You are here
There is an outstanding invitation from President George W. Bush Jr. to the United Kingdom, and other allies, to join the United States in a Global Ballistic Missile System. So far, Tony Blair has made no response, or at least, if he has, the nature of the response has not been made public. Many believe that, if there has been a response, it is along the lines of: “Ask me again after the election.” There is, however, a widespread belief that, at official level, discussions about how any deal might be done have been going on between the UK and the US for many months. Last Autumn, there was a flurry of press speculation, soon dampened down, that officials had indeed agreed a deal to place interceptor missiles in the UK.
The widely held view in the UK is that, unless missile defence comes for free – as part of a quid pro quo arrangement with the US – we could probably not afford it. Beyond this, there is even a view that the UK does not really need it. The ballistic missile threat to UK interests is perceived in the UK to be relatively less severe, certainly less of a priority, than other threats to national security, and far less of a problem requiring attention than in the US. Where a potential threat is recognized – to our troops deployed in theatre – the UK is prepared to shelter under a US supplied umbrella (in the short term) and perhaps to look to NATO later. Geoff Hoon has admitted as much, when mentioning missile defence in the same breath as role sharing.
Missile defence is not yet a serious political issue in the UK. Apart from the arms proliferation and peace community, who objected strongly, but with little effect, both to the US withdrawal from the ABM Treaty and to the UK’s agreement in 2003 to allow the use of Fylingdales by the US for missile defence purposes, there is no anti-missile defence constituency in Britain. The Conservative Party is strongly in favour. The Liberal Democrats are against, but subdued. In the public arena, however, the level of understanding of the issues – in the media and the political parties – is pretty low. While it is true to say that there is only minimal debate on missile defence in the UK, what is still surprising is that there is no public support from any branch of the Armed Services. None of the Services lay claim to missile defence, and none wishes to give up anything to own it. The tone of the public debate could – and probably would – change if and when the UK was to proceed with a BMD programme. For instance, should the government agree to locate an interceptor site on UK territory, the reaction could become as significant as the opposition to cruise missiles at Greenham Common and Molesworth in the 1980s.

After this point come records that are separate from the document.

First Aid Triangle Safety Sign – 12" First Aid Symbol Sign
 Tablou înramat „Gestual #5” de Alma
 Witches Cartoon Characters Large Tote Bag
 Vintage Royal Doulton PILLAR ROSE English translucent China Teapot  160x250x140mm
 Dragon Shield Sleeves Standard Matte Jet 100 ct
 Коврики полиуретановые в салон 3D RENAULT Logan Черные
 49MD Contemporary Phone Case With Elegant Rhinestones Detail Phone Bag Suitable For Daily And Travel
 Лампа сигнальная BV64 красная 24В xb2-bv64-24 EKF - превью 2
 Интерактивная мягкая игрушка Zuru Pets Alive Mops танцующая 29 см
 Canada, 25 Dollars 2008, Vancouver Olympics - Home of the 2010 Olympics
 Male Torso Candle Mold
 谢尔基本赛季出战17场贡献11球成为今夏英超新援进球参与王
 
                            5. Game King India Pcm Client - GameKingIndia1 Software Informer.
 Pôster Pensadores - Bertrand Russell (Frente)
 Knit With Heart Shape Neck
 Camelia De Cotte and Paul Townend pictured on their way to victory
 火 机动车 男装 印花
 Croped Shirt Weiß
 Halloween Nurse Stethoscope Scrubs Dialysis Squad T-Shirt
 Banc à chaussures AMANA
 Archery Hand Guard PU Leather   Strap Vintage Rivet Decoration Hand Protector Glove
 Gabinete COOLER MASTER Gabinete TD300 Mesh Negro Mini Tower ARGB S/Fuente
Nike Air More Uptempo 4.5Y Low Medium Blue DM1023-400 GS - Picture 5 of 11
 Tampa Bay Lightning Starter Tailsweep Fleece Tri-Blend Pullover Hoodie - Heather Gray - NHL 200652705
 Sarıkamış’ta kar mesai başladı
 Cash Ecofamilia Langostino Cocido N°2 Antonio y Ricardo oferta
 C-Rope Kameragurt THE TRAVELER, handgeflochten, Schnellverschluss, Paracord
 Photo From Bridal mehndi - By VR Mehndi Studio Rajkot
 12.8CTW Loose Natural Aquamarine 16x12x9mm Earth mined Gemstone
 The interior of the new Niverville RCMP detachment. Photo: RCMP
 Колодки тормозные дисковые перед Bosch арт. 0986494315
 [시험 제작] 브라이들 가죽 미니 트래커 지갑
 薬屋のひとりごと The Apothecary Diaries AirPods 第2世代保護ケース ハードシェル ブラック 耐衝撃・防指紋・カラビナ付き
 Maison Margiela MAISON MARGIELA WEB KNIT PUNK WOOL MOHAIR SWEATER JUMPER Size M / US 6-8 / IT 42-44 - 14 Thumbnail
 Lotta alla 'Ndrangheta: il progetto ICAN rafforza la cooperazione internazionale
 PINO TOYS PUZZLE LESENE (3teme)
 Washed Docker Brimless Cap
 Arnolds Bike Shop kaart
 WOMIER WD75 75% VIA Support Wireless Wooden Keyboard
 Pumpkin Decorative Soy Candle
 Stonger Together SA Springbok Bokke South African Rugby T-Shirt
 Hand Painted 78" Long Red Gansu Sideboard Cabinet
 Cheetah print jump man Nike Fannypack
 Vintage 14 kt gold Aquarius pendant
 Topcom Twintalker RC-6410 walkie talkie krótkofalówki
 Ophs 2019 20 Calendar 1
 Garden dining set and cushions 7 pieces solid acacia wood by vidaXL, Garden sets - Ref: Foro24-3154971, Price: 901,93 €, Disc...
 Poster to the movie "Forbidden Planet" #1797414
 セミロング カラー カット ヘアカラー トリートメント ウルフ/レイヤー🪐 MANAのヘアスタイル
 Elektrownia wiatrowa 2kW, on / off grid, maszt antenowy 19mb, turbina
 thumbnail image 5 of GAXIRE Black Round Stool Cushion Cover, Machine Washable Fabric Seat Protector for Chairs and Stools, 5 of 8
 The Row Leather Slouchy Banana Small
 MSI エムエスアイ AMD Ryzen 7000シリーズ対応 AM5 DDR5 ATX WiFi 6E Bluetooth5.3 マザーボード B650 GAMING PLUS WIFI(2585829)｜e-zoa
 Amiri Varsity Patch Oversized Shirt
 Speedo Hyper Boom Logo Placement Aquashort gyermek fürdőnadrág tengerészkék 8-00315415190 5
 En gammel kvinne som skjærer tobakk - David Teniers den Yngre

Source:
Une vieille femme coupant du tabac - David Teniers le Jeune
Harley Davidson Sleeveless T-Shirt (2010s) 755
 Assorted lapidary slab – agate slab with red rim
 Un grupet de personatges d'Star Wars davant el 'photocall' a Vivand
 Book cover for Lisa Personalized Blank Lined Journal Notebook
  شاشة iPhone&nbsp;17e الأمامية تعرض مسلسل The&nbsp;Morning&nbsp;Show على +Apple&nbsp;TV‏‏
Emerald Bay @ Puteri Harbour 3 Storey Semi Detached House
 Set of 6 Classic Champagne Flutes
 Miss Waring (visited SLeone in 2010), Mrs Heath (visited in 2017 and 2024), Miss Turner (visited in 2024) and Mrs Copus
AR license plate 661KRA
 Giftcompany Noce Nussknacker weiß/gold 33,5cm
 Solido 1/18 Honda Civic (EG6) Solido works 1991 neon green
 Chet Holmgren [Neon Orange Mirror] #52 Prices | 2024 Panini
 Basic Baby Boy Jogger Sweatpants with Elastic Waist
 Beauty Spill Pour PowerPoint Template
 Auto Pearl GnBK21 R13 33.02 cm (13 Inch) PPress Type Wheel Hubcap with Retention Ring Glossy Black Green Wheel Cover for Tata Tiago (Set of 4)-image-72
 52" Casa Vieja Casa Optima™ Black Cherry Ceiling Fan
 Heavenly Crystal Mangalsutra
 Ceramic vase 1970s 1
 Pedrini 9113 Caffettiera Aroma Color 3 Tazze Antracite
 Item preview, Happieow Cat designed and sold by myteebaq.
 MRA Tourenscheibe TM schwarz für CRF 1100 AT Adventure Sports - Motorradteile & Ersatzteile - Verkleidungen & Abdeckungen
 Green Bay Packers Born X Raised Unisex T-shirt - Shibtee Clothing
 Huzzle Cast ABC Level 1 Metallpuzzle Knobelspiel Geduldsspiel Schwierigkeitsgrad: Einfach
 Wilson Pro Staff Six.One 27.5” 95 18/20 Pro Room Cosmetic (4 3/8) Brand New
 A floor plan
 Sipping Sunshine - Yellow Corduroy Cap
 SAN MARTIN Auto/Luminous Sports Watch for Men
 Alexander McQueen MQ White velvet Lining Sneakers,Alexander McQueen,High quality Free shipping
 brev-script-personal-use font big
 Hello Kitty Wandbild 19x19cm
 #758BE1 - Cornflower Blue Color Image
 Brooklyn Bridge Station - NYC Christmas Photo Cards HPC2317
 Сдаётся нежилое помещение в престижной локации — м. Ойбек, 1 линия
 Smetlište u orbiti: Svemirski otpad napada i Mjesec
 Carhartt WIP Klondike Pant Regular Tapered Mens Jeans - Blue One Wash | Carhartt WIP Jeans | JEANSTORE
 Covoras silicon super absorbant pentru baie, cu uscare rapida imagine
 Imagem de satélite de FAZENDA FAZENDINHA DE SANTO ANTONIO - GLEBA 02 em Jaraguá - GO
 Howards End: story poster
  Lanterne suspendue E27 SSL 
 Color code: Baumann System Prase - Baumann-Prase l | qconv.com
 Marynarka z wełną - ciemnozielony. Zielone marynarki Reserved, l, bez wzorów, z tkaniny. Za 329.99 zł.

Alongside the political implications of a US-led missile defence programme, the other major issue for the UK BMD debate is cost. There has neither been any information, nor much speculation, as to the likely cost of a BMD system for the UK. Moreover, the defence budget has no allowance for a missile defence procurement. Arguably, the cost bracket lies between £0.5 billion and several billion, depending enormously on assumptions and weapon system type and effectiveness. The largest uncertainty is to what extent the cost might be shared, either with the US, NATO or with a European grouping of nations.
So will the election prove to be a turning point for the UK and missile defence? Will President Bush renew his offer? Will he demand that we pay for it? Or might we get it for nothing, as pay-off for political support rendered?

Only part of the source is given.